Abstract
In the present study, we demonstrate that soft tissue fiber architectural maps captured using polarized spatial frequency domain imaging (pSFDI) can be utilized as an effective texture source for DIC-based planar surface strain analyses. Experimental planar biaxial mechanical studies were conducted using pericardium as the exemplar tissue, with simultaneous pSFDI measurements taken. From these measurements, the collagen fiber preferred direction θp was determined at the pixel level over the entire strain range using established methods (https://doi.org/10.1007/s10439-019-02233-0). We then utilized these pixel-level θp maps as a texture source to quantify the deformation gradient tensor F(X, t) as a function of spatial position X within the specimen at time t. Results indicted that that the pSFDI approach produced accurate deformation maps, as validated using both physical markers and conventional particle based method derived from the DIC analysis of the same specimens. We then extended the pSFDI technique to extract the fiber orientation distribution Γ (θ, X, t) as a function of F(X, t) from the pSFDI intensity signal.
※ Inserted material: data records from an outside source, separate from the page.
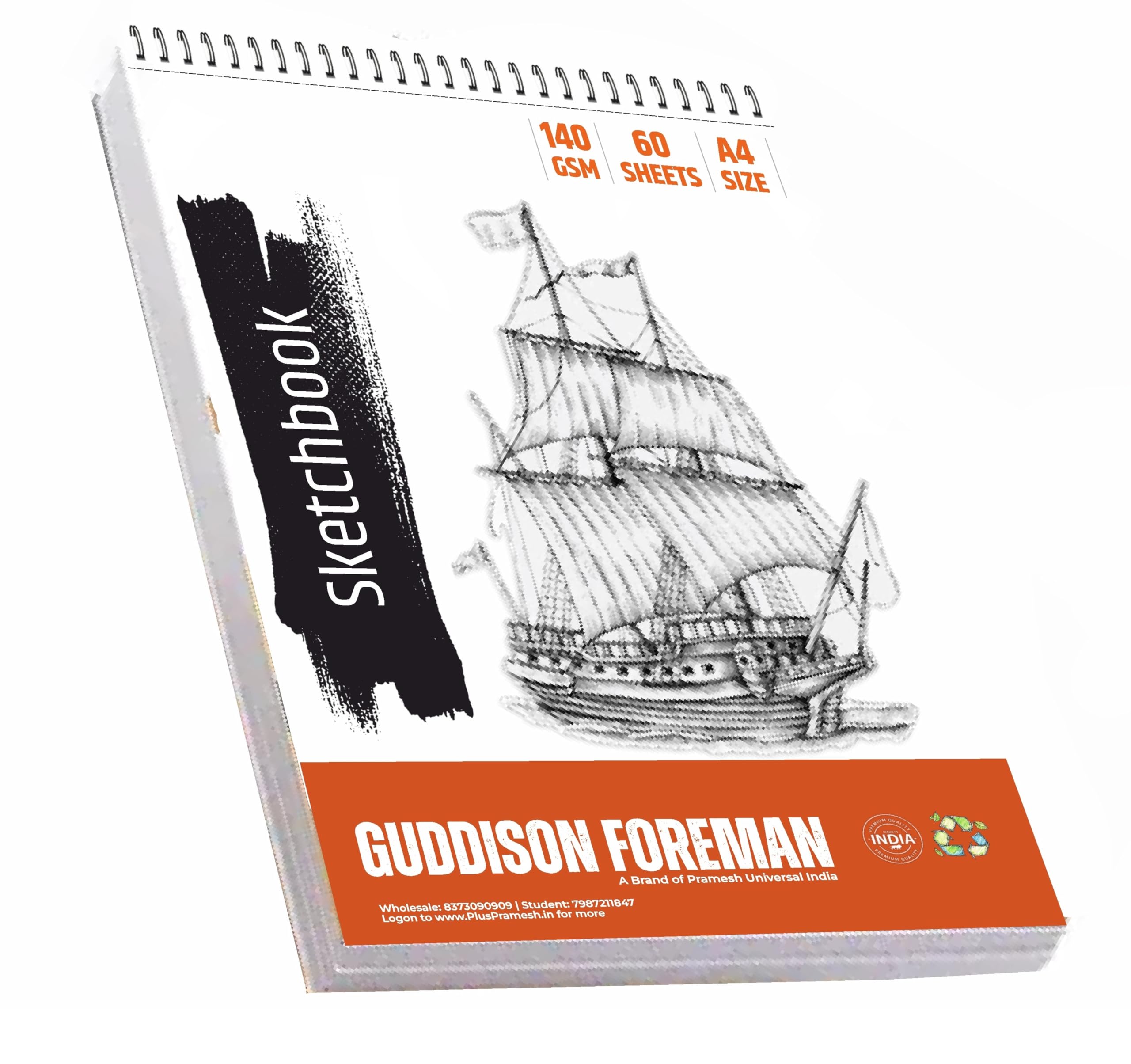 A4 Drawing Book/Sketchbook | 60 Sheets (120 Pages) | Hardcover at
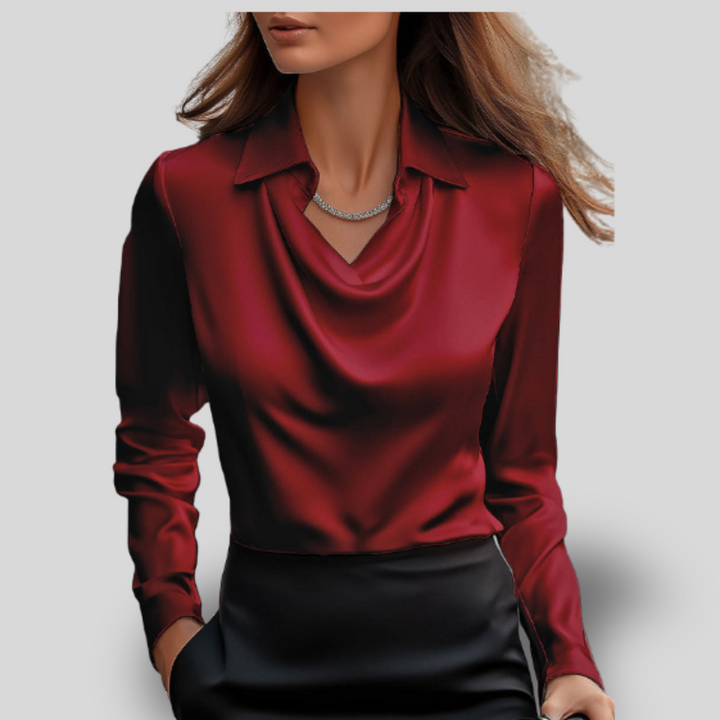 Erin | Satin Blouse with Draped Neckline
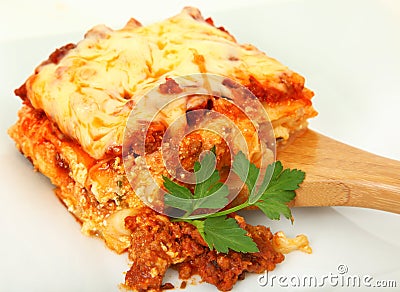 Lasagna Portion on Serving Spoon Stock Photo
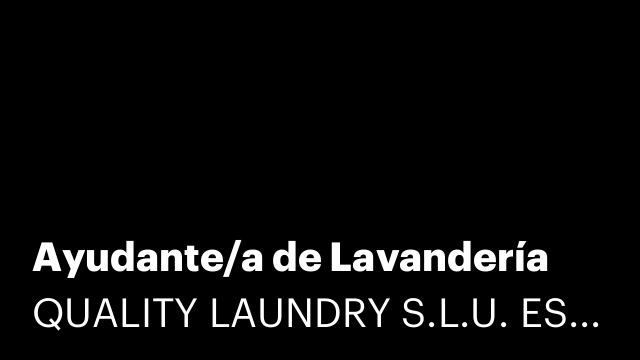 Ayudante/a de Lavandería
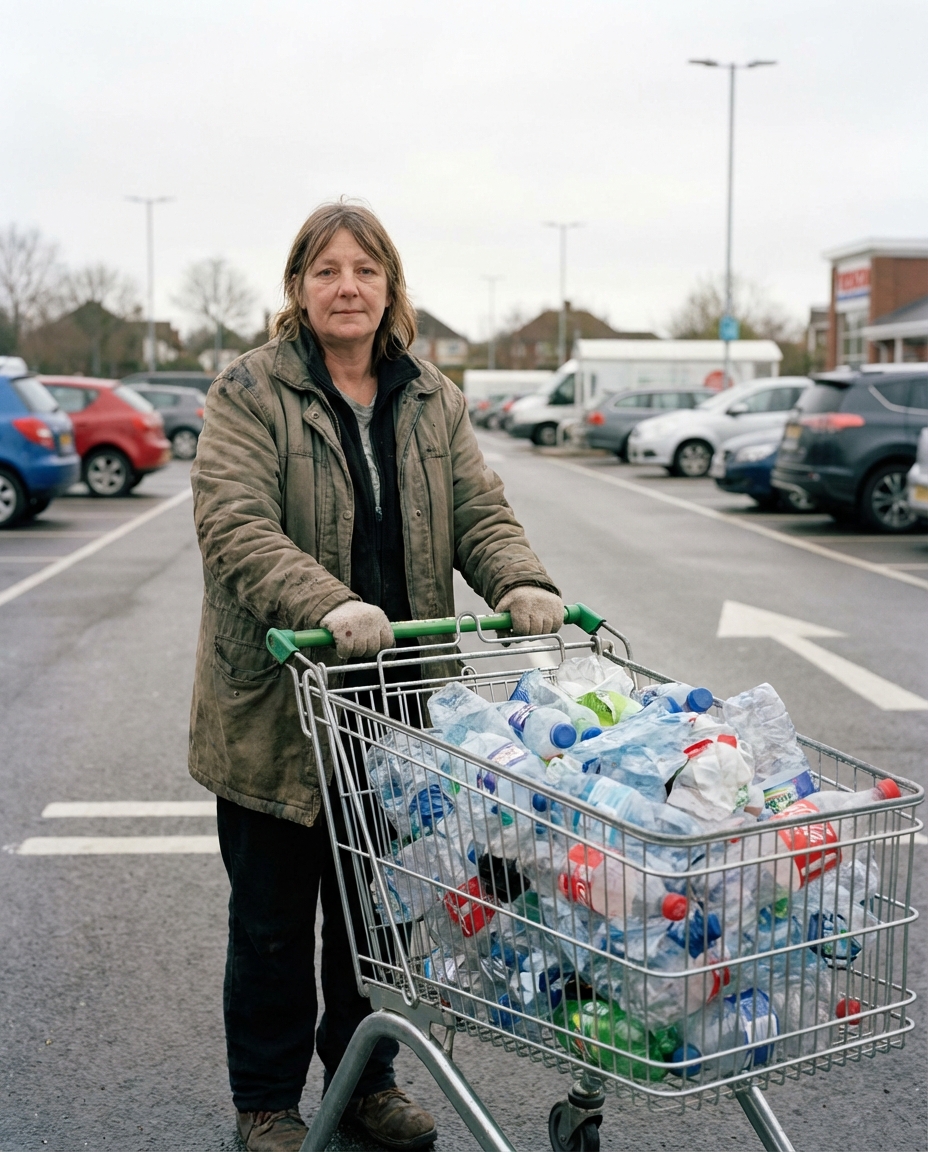 A woman in a parking lot pushes a shopping cart filled with empty plastic bottles.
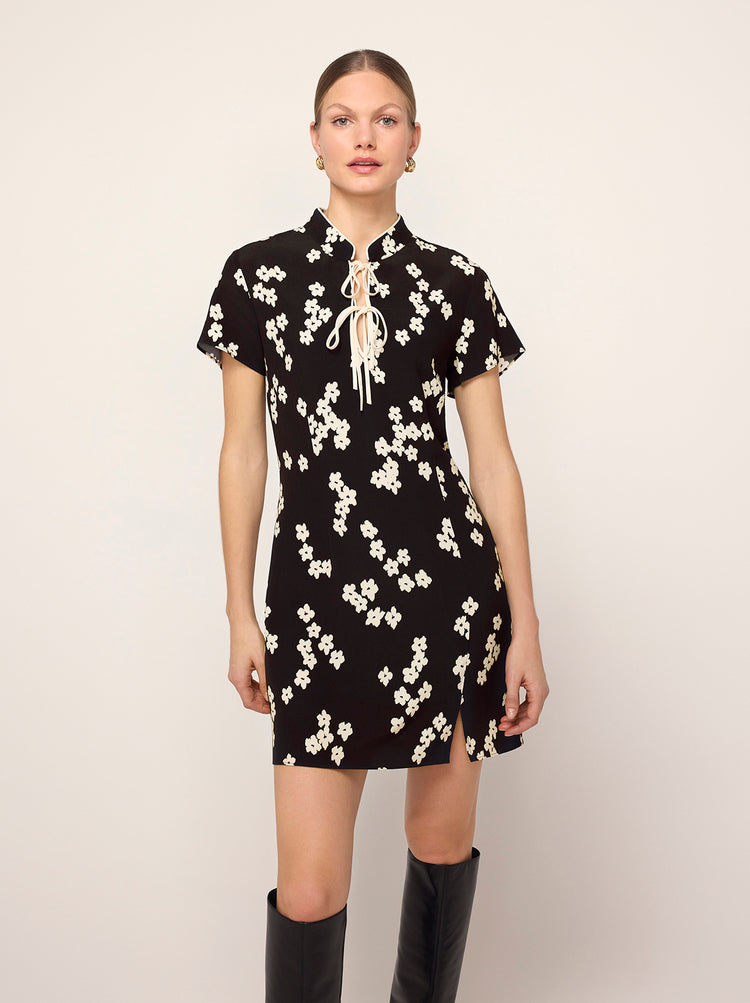 Gretchen Black Blurred Floral Print Mini Dress - Gretchen is a mini dress in a versatile Black Blurred Floral print with a Cheongsam-inspired collar and double tie closure. A twist on our best-selling Harlow dress.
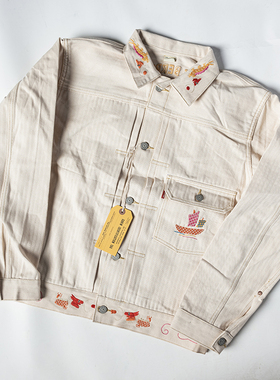 瑕疵B品 中国龙 1947 506XX 手信褛 刺绣夹克 氧化发黄 污迹等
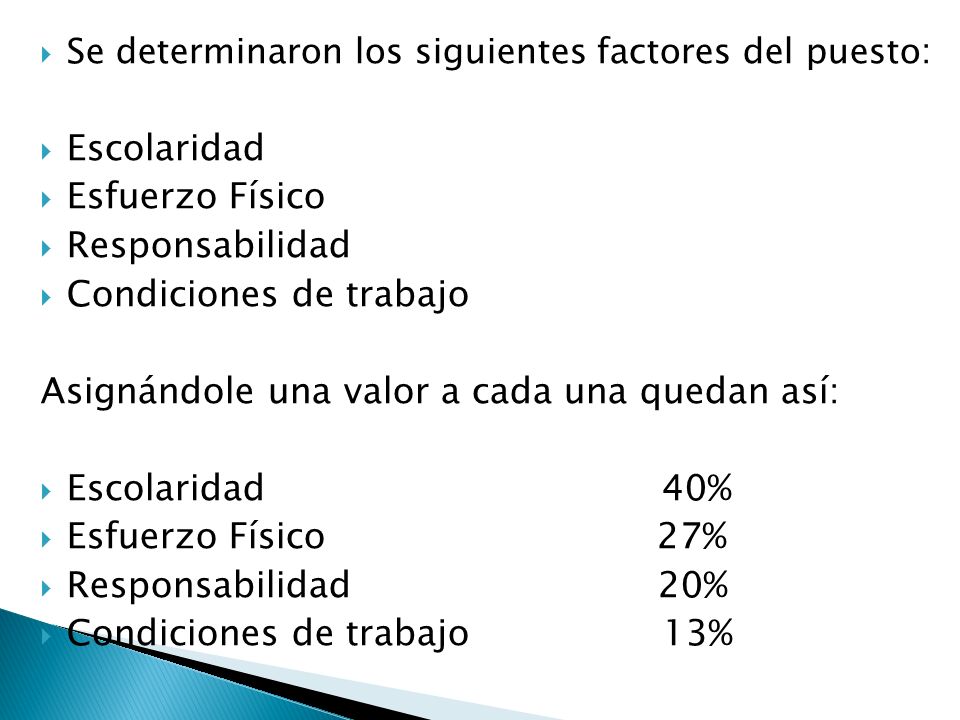 Condiciones de trabajo Asignándole una valor a cada una quedan así:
This was accomplished by developing a calibration procedure to account for the optical behavior of the constituent fibers for the soft tissue being studied. We then demonstrated that the extracted Γ (θ, X, t) was accurately computed in both the referential (i.e. unloaded) and deformed states. Moreover, we noted that the measured Γ (θ, X, t) agreed well with affine kinematic deformation predictions. We also demonstrated this calibration approach could also be effectively used on electrospun biomaterials, underscoring the general utility of the approach. In a final step, using the ability to simultaneously quantify F(X, t) and Γ (θ, X, t) , we examined the effect of deformation and collagen structural measurements on the measurement region size. For pericardial tissues, we determined a critical length of ∼ 8 mm wherein the regional variations sufficiently dissipated. This result has immediate potential in the identification of optimal length scales for meso-scale strain measurement in soft tissues and fibrous biomaterials.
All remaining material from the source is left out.